ClearML vs MLflow: Which is Better in 2026?
A comprehensive comparison of ClearML and MLflow covering features, pricing, use cases, and which tool is the right choice for your needs.
⚡ Quick Verdict
Choose ClearML if:
- →You need automatic experiment tracking or dataset versioning
- →Your primary focus is ai agent infrastructure
Choose MLflow if:
- →You need a broader feature set (6 features vs 5)
- →You need experiment tracking or model deployment
- →Your primary focus is data & analytics
ClearML vs MLflow: At a Glance
Pricing Comparison: ClearML vs MLflow
Understanding the pricing differences between ClearML and MLflow is crucial for making the right choice. Here's how their plans compare side by side.
💡 Pricing takeaway: Both ClearML and MLflow offer free tiers, making it easy to try before you buy. Visit each tool's website for the latest pricing details.
Feature-by-Feature Comparison
Here's how every feature from ClearML and MLflow stacks up. They share 1 features in common.
What Makes Each Tool Unique
🔵 Unique to ClearML
Features available in ClearML but not in MLflow:
- ✓Automatic experiment tracking
- ✓Dataset versioning
- ✓Pipeline orchestration
- ✓Remote execution and autoscaling
🟣 Unique to MLflow
Features available in MLflow but not in ClearML:
- ✓Experiment tracking
- ✓Model deployment
- ✓Project packaging
- ✓LLM support
- ✓Databricks integration
Use Case Recommendations
Best for: ClearML
Open-source MLOps platform for experiment tracking, pipeline orchestration, and model deployment. ClearML automatically logs experiments, version datasets, and orchestrates compute — without locking you into proprietary infrastructure.
Ideal use cases:
- •Teams or individuals who need automatic experiment tracking
- •Teams or individuals who need dataset versioning
- •Teams or individuals who need pipeline orchestration
- •Teams or individuals who need model registry
- •Anyone focused on MLOps workflows
- •Anyone focused on experiment tracking workflows
Best for: MLflow
Open-source platform for managing machine learning lifecycle. MLflow provides experiment tracking, model registry, deployment tools, and project management for ML teams.
Ideal use cases:
- •Teams or individuals who need experiment tracking
- •Teams or individuals who need model registry
- •Teams or individuals who need model deployment
- •Teams or individuals who need project packaging
- •Anyone focused on mlops workflows
- •Anyone focused on machine-learning workflows
🤖 Other AI Agent Infrastructure Tools to Consider
ClearML and MLflow aren't the only options. Here are other popular tools in the same space:
Databricks AI
Enterprise AI and data lakehouse platform
Akkio
No-code predictive AI for business analysts
Hex
Data workspace with AI analysis and apps
MindsDB
AI layer for databases with SQL ML
Obviously AI
No-code ML platform for predictions
Julius AI
Chat with your data for instant analysis
Frequently Asked Questions
Is ClearML better than MLflow?
It depends on your needs. ClearML offers 5 key features including Automatic experiment tracking and Dataset versioning, while MLflow provides 6 features including Experiment tracking and Model registry. ClearML uses a freemium model with a free tier, while MLflow is open-source with free access available. Choose based on which features and pricing model align with your requirements.
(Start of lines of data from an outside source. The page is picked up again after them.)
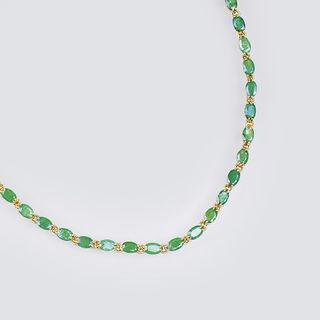 A Gold Necklace with Emeralds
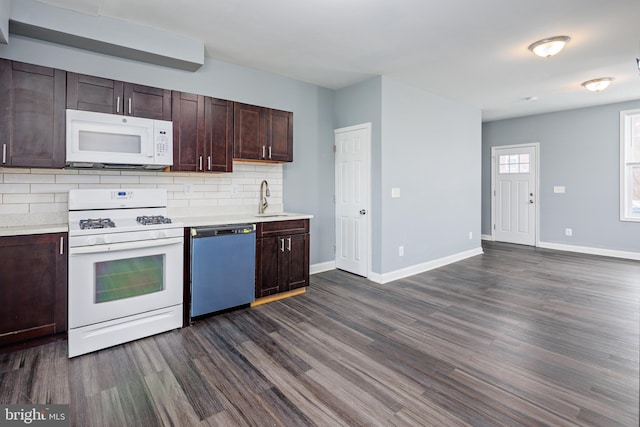 kitchen with dark wood-style floors, light countertops, white appliances, and backsplash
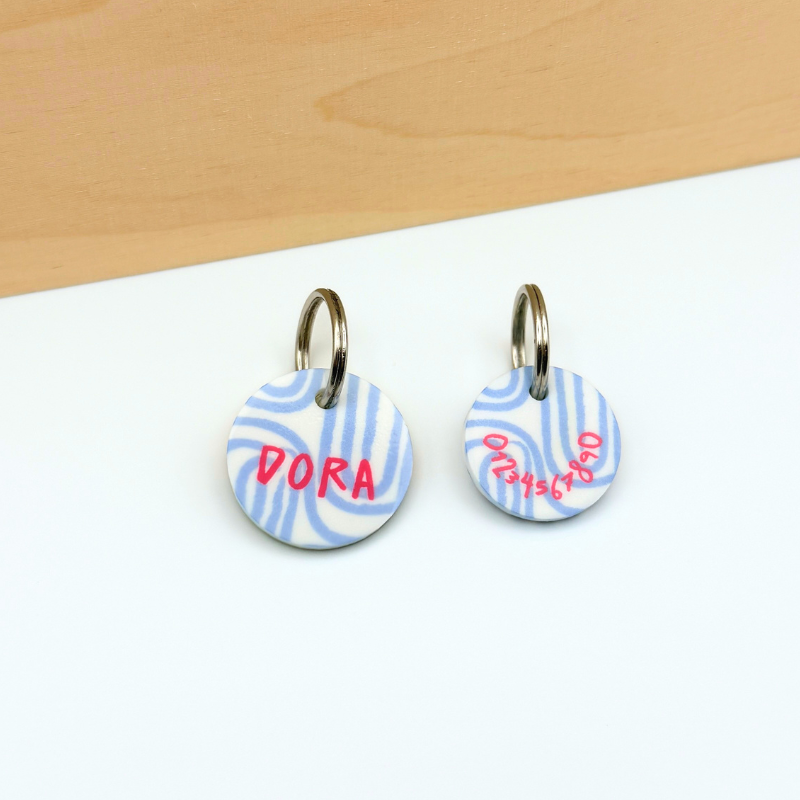 Acryl Hundemarken mit feinem Linien Design in Blau und Pink, personalisiert, leise und klimperfrei, Namensschild mit Namen „Dora“ und zusätzlicher Marke mit Telefonnummer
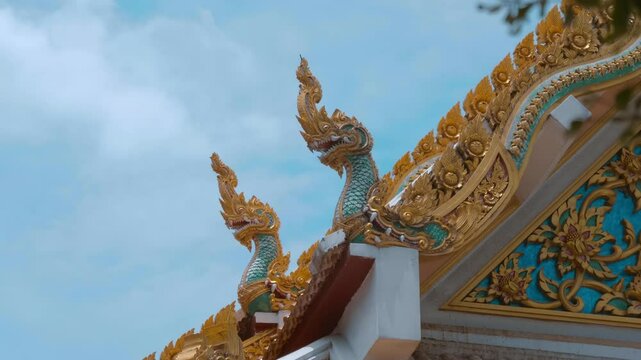 Amazing Ayutthaya-style dragon-like gilded chofahs and elements of the roof of Wat Na Phra Meru Buddhist temple in Ayutthaya province, Thailand. Shot in motion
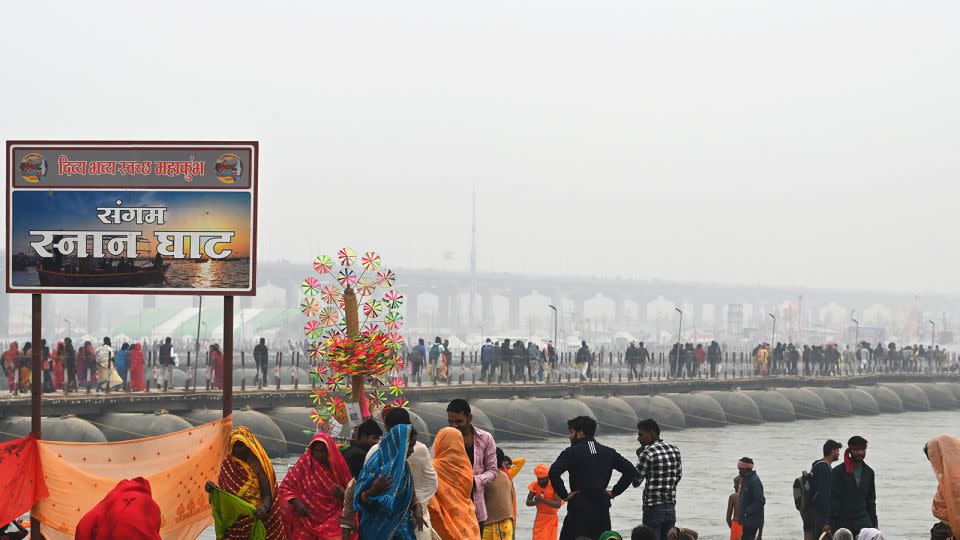 Devotees cross the pontoon bridge as they arrive to take dip into Sangam at Mahakumbh Nagar in Prayagraj, India on January 12, 2025. - Deepak Gupta/Hindustan Times/Getty Images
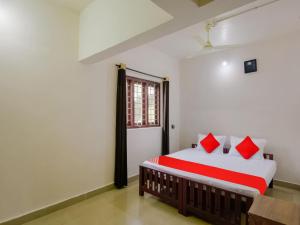 Hotel O Aiswarya Residency में एक कमरे में एक या कई बेड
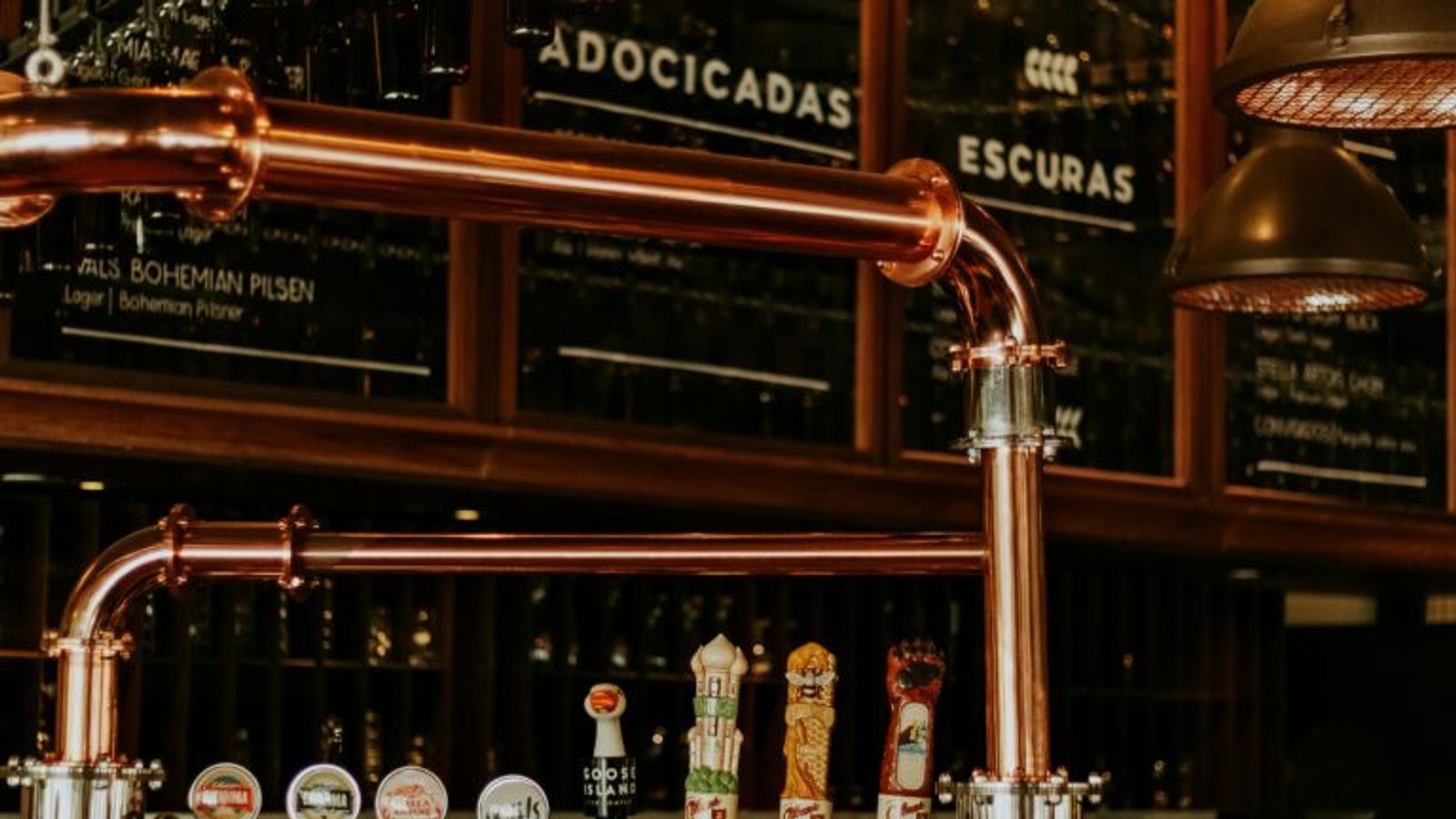 Beer taps with various labels are displayed on a polished copper bar in Gatlinburg. Glasses hang above, and a chalkboard menu with categories in Portuguese is visible in the background under warm lighting, evoking local distilleries.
Is ClearML cheaper than MLflow?
Both tools have similar pricing structures. Both tools offer free tiers, so you can try each before committing. Always check the official websites for the most current pricing.
Can I use ClearML and MLflow together?
Yes, many users combine ClearML and MLflow in their workflow. ClearML excels at automatic experiment tracking, while MLflow shines with experiment tracking. Using both allows you to leverage the strengths of each tool, though this means managing two subscriptions — though free tiers can help manage costs.
What's the main difference between ClearML and MLflow?
ClearML is primarily a ai agent infrastructure tool focused on open-source mlops platform for experiment tracking and pipelines., while MLflow focuses on data & analytics with open-source ml lifecycle management platform. They serve different primary use cases despite being alternatives.